Task directions
Set down the entries below exactly, leaving out all images.

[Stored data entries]
────────────────────
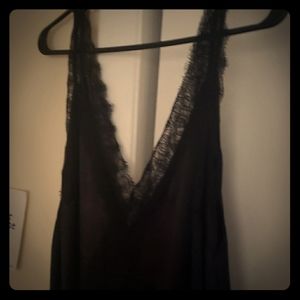 Black satin and lace dress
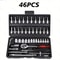46Piece 14 Inch Drive Socket Set With QuickRelease Ratchet And CRV Metric Sockets 6
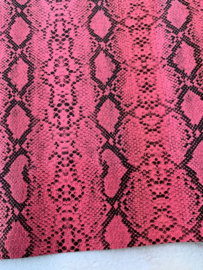 Slangen print leer coral/roze glans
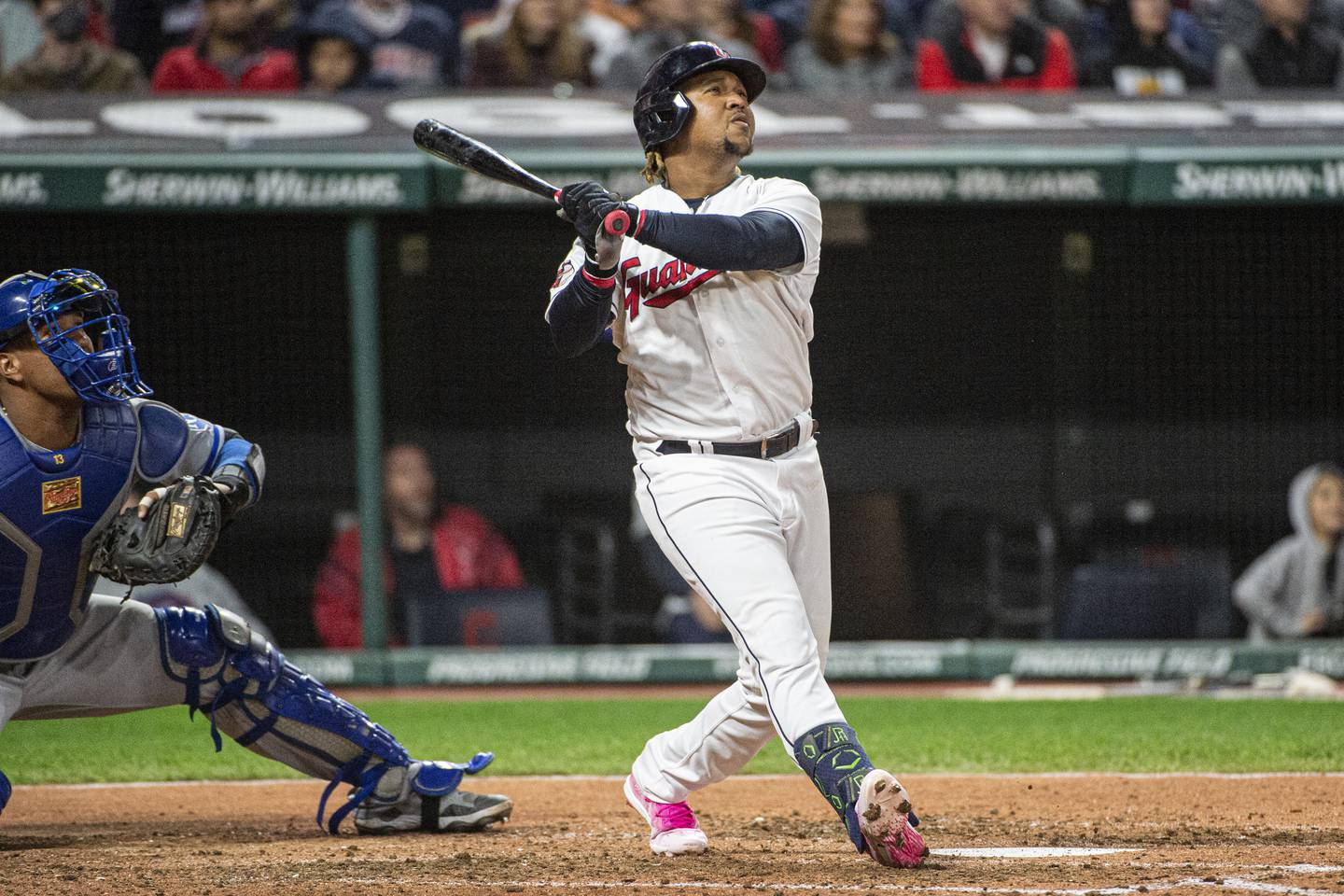 Guardians third baseman Jose Ramirez watches his three-run home run against the Royals on Friday in Cleveland. 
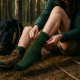 Technical active leisure socks with Coolmax fiber and Merino wool Dark green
────────────────────
Problem solution
 Black satin and lace dress
46Piece 14 Inch Drive Socket Set With QuickRelease Ratchet And CRV Metric Sockets 6
 Slangen print leer coral/roze glans
 Guardians third baseman Jose Ramirez watches his three-run home run against the Royals on Friday in Cleveland. 
 Technical active leisure socks with Coolmax fiber and Merino wool Dark green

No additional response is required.